I remember when I was growing up, my Dad would show us stuff. He was intent on teaching us to identify trees and plants, like Morrel mushrooms, Bittersweet and Sumac. Of course he taught us useful stuff too, how to back up a truck with a trailer; how to drive a boat; how to collect sap and make Maple Syrup and, best of all, how to fish. Although my growing up years are mostly wrapped in nostalgia and I have few opportunities to exercise those skills, what I actually learned was this: I am limitless in my ability to learn a skill and do it. Dad taught us to be learners, and to not be afraid to try new things.
One year Dad decided to build a cabin on the back edge of our property. Dad was neither a builder nor an architect but he and my lovely, artist-in-residence Mom put their skills together. With the help of generous builder-type friends, the tiny, humble building came together. At the time the cabin served as the best fort and doll house a girl could ask for! We loved it! With it’s steeply-sloped corrugated roof, woodstove and dry sink, the cabin stood on stilts and overlooked the trout stream that ran through our property. My friends and I would traipse around in the woods and slosh in the creek for hours at a time.
It wasn’t until I was well into my adult years that I learned the strain that building the cabin placed on our family. Apparently it wasn’t the most fiscally responsible undertaking, nor was the building designed to withstand 25 years of rugged weather. My Dad has been gone for some time now, and yet the cabin stands perhaps as a tribute to his tremendous influence on our lives.
Talk is cheap and we spout ideas of who we are and what we’ll one day become. The fact is, we are not who we say we are. We are what we do.
Dad didn’t leave behind a cabin. He left behind a legacy of attempts to show us how important we were to him, how deeply he cared and how much he wanted us to love the things he loved.
Plain and simple, Dad wasn’t great at communicating. I still wonder about who he really was, and why he called me Scout.
But I know he loved me.
And I’m not afraid to try stuff.
Recently I’ve been pondering grad school. You know, the kind of musings that require change-of-address cards, and a new resume. Mind-numbing fear encroaches at the periphery of my thoughts. It’s not that I’m unhappy because I’m not. I love my job and I love my house. It’s been easy to say “no” over the years, to choose the practical and known over the unknown. I’ve let opportunities fade into the shadows but somehow I’ve not forgotten them:
“…. I should take that job in London.”
“No. I won’t make as much money as I do here in the States.”
“… The hiring manager from Amsterdam called. That job could be mine if I let it. What an incredible opportunity…”
“No. I have friendships which mean a great deal to me and I don’t want to lose them.”
“… Rather than a short-term mission trip, why don’t you stay this time? Quit your job and stay.”
“No. I might miss out on something here. I might miss meeting my husband.”
Not too long ago, I read somewhere that God is bigger than our ability to miss opportunties. I really believe that. Yet sometimes we permit ourselves to miss opportunities simply because we’re afraid. God’s abilities toward me were never intended to enable me to live behind fear.
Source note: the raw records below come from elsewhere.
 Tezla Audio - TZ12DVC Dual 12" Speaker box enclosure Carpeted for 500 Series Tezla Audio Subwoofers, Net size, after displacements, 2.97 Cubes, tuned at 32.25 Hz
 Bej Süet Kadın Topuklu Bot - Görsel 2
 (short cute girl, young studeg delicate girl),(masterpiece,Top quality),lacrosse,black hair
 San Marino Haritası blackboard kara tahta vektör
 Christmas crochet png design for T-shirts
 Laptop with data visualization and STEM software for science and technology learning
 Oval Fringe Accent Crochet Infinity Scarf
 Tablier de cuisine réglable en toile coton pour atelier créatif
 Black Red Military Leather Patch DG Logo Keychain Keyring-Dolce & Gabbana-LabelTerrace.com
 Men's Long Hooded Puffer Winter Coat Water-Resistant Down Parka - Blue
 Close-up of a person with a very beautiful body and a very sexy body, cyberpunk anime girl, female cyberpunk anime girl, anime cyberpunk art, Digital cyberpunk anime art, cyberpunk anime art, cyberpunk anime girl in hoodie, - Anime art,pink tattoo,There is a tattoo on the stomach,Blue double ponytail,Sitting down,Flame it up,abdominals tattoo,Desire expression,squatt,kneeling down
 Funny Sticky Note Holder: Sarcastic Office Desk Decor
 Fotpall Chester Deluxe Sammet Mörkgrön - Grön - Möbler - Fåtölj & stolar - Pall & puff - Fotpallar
God’s ability to catch and redirect me in spite of my decisions requires that I’m actually making decisive choices of action. If I have made indecision my companion, or compromise has become my bedfellow then I am not trusting God. Instead, my indecision has become my decision to live my life in hues of grey.
Sometimes strength and beauty come from risks taken and conquered.
I think of life as a tapestry, with the different threads having different functions. The long parallel threads -the warp- provide the fabric with stability. The threads which are woven through the warp, called the weft, are of indefinite length and are usually used to form the overall theme or design of the fabric. In order to form a complete tapestry, I need both the warp and the weft. If I have no warp, my fabric has no strength or stability. Yet, if I do not submit to some of the uncertainties, my tapestry becomes purely functional. The rich reds and vibrant greens of a life lived intentionally occur when we step out in faith and become the man or woman envisioned in our heart and mind’s eye.
To be dragged in the wake of the passive flock and to pass a hundred and one times beneath the shears of the shepherd, or to die alone like a brave eagle on a rocky crag of a great mountain: that is the dilemma. ~Praxedis Guerrero, RegeneraciÓn, 18 February 1911
One of my absolute favorite movies is Sliding Doors (1998) with Gwyneth Paltrow and yummy John Hannah. It’s an interesting movie, if you’ve never seen it. The plot splits, and two separate plots develop based upon Paltrow’s decision to force her way onto a departing train or to let it go and wait for the next one. The viewer is able to follow the separate storylines because in one Paltrow cuts her hair short and in the other her hair is long. The two stories weave together at the very end and you are left wondering, even having to decide for yourself, which was her reality.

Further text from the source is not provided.